Books to Read

Monday, September 22, 2008

I just finished rereading Headhunter, a superb novel by my favorite author Timothy Findley. Unfortunately, Findley passed away shortly after I gave up my only chance to meet him: After attending a reading, I had my favorite Findley book, Famous Last Words, in hand ready to be autographed. But as I watched the 70-something man, who couldn't walk without assistance and looked fragile despite his sturdy stature, wince into his seat at the table, I decided that with perhaps one less book to autograph, he may be able to call it a night that much sooner. He passed away just a few months later. C'est la vie.

As with many other Findley novels, Headhunter lacks a co-called central character and instead provides us with an ensemble cast of intelligent, tragic and humanly flawed characters through which the story is framed. Also, like many Findley stories, themes of themes of isolation, despair, madness and the struggle for personal satisfaction despite outward appearances of success are treated to Findley's lyrically descriptive prose.

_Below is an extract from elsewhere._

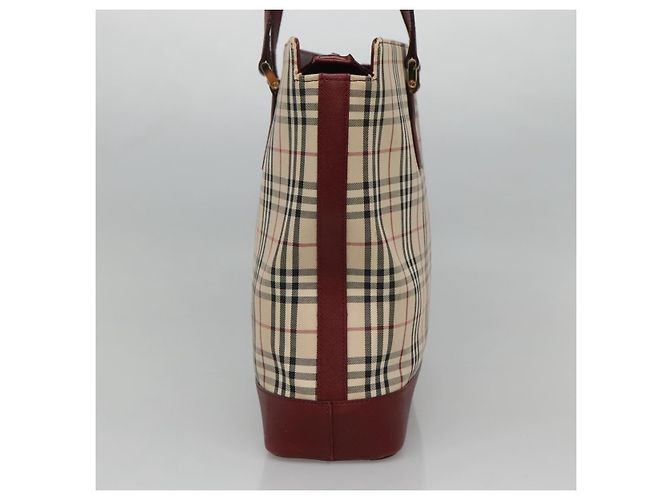 Burberry Nova Check Tote Bag aus Canvas Beige Gold Auth KD099 Golden - Ansicht 4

The story begins with schizophrenic Lilah Kemp, who believes that she has let the villain Kurtz escape from Joseph Conrad's Heart of Darkness. Kurtz, she soon discovers, is the same Rupert Kurtz who heads an influential psychiatry research and treatment center. Desperate to return Kurtz to his proper place, Lilah places her hopes in the hands her new neighbor who, coincidentally, is named Marlow and has just begun working with Kurtz. Meanwhile, a deadly epidemic called sturnusemia is killing increasing numbers of people and animals, psychiatrists at Kurtz' center are dying under suspicious circumstances and the city's social elite are embroiled in a secret world of violent depravity.

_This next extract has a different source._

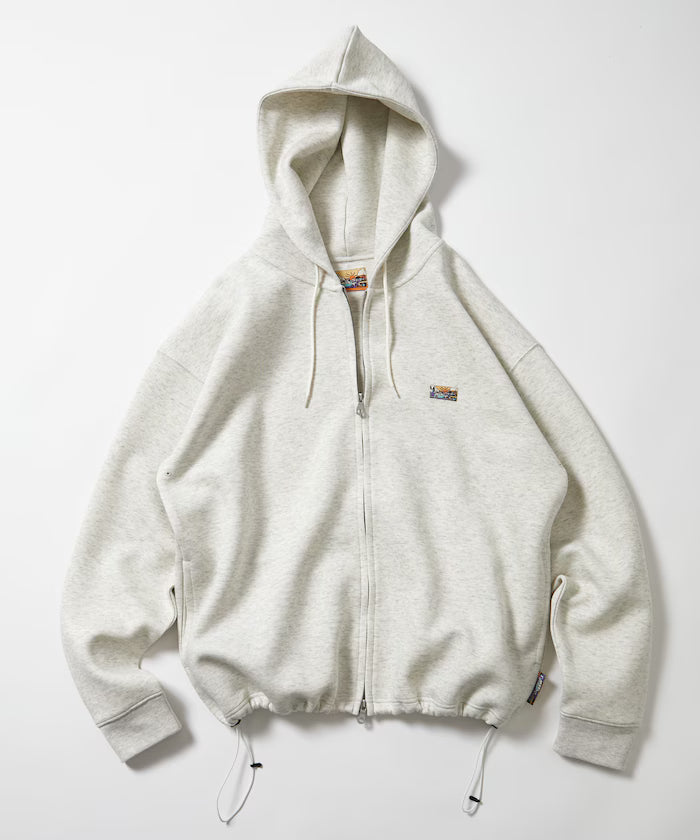 Big Silhouette Spindle Cardboard One Point Logo Sweat Zip-Up Hoodie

I can't say much more without giving too much away, but I was struck at how themes of high-level corruption, cover-ups, the questionable practices of pharmaceutical companies and the tendency for the general populace to turn a blind eye to the unpleasant, but obvious truth may perhaps be even more timely than they were when the book was published in 1993.

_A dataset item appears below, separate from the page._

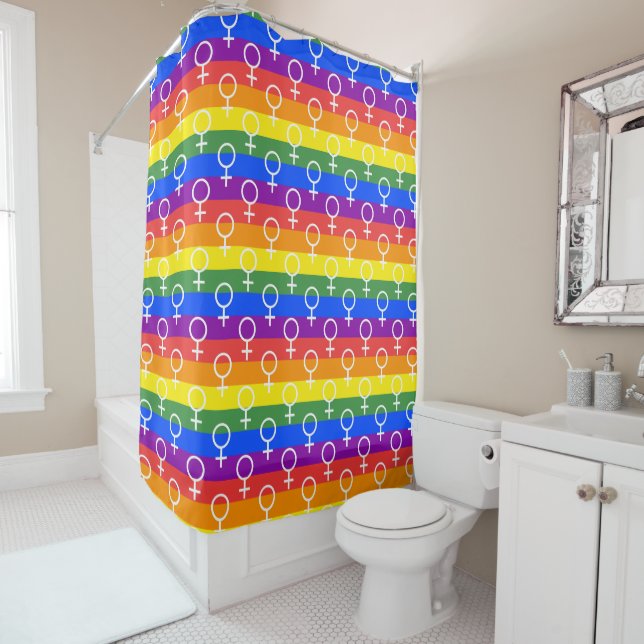 Female Symbol Rainbow Pattern Shower Curtain (In Situ)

In my mind, which I admit is highly biased on the subject, Findley is one of the most underrated authors of the 20th century. If you're looking for an action packed, fast-paced, easy to read story, you'll probably be disappointed. But, on the other hand, if you enjoy intelligent, multi layered, lyrical prose rich with literary and historical allusion, Findley's your man. A few of my favorites include the afore mentioned Headhunter and Famous Last Words, along with The Piano Man's Daughter, The Butterfly Plague and Not Wanted on the Voyage. The latter, I should mention, is not likely to be popular among devout Christians, as it is a somewhat controversial retelling of the Noah's Ark story.